Capulet's attitude in this scene is reminiscent of his demeanor at his masque in Act 1. Describe, by referring to the text, how you know this is true.
I'm not sure to which scene you're referring, but since you mention Act 1, scene 5 as well, I'll assume that you're comparing it to Act 3, scene 5 (Capulet railing against Juliet's refusal to marry Paris). In Act 1, scene 5, Capulet is at first delighting in his party. He encourages everyone to dance, and teases the ladies with gossip and rumors. But he soon changes his tone, when Tybalt threatens to attack Romeo. Suddenly, he is the man of the house, not willing to let a young, arrogant buck sully his reputation. When Tybalt says Romeo shall not be endured, Capulet responds:
He shall be endur'd.(80)
What, goodman boy? I say he shall. Go to!

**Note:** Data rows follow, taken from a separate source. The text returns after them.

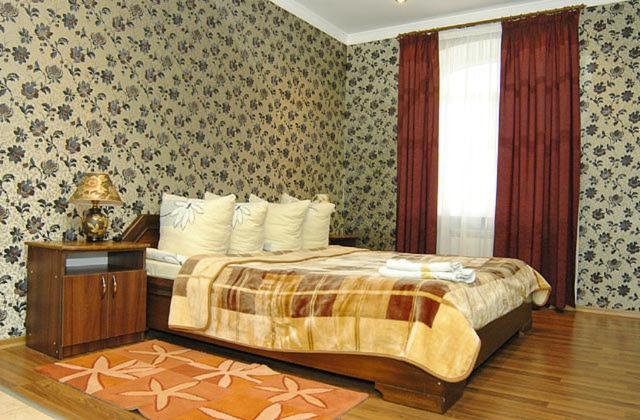 Pan Hotel Sumy Pokoj fotografie
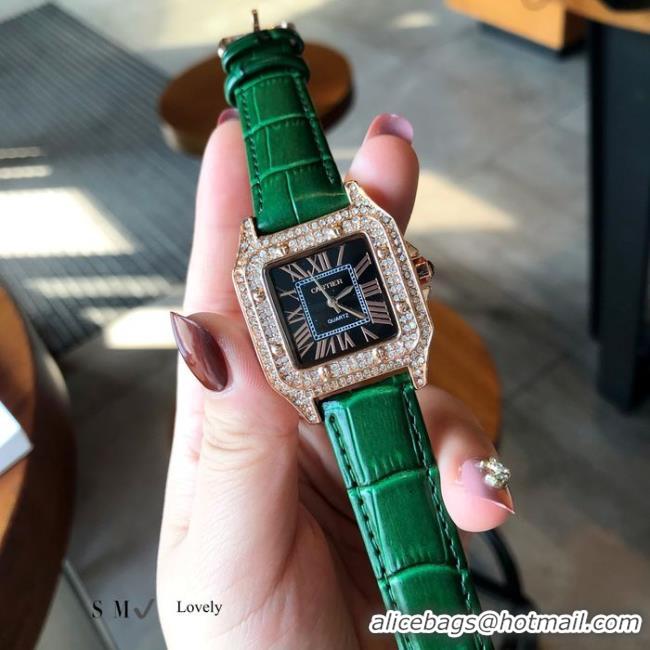 Super Quality Cartier Watch 36MM CTW00110-4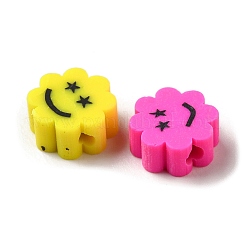 Handmade Polymer Clay Beads&nbsp;CLAY-Z001-08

Am I the master here, or you? Go to!
You'll not endure him? God shall mend my soul!
You'll make a mutiny among my guests!
You will set cock-a-hoop! you'll be the man!

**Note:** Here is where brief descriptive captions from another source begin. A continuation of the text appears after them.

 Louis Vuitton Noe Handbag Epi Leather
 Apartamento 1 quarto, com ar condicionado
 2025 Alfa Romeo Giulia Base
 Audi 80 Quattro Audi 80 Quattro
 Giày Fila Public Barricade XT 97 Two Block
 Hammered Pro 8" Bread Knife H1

He eventually forces Tybalt to leave, avoiding what he thinks will be an embarrassing scene. Similarly, in Act 3, scene 5, Capulet offers a kind word when he thinks Juliet will marry Paris, but quickly turns on her when she refuses. He offers sympathy for her tears, thinking they're for Tybalt, but immediately berates her when she doesn't agree to his arranged marriage:
How, how, how, how, choplogic? What is this?
‘Proud’—and ‘I thank you’—and ‘I thank you not’—
And yet ‘not proud’? Mistress minion you,
Thank me no thankings, nor proud me no prouds,(155)
But fettle your fine joints 'gainst Thursday next
To go with Paris to Saint Peter's Church,
Or I will drag thee on a hurdle thither.
Out, you green-sickness carrion! Out, you baggage!
In both instances, Capulet asserts his dominance in the family, threatening physical violence to those who dare defy him.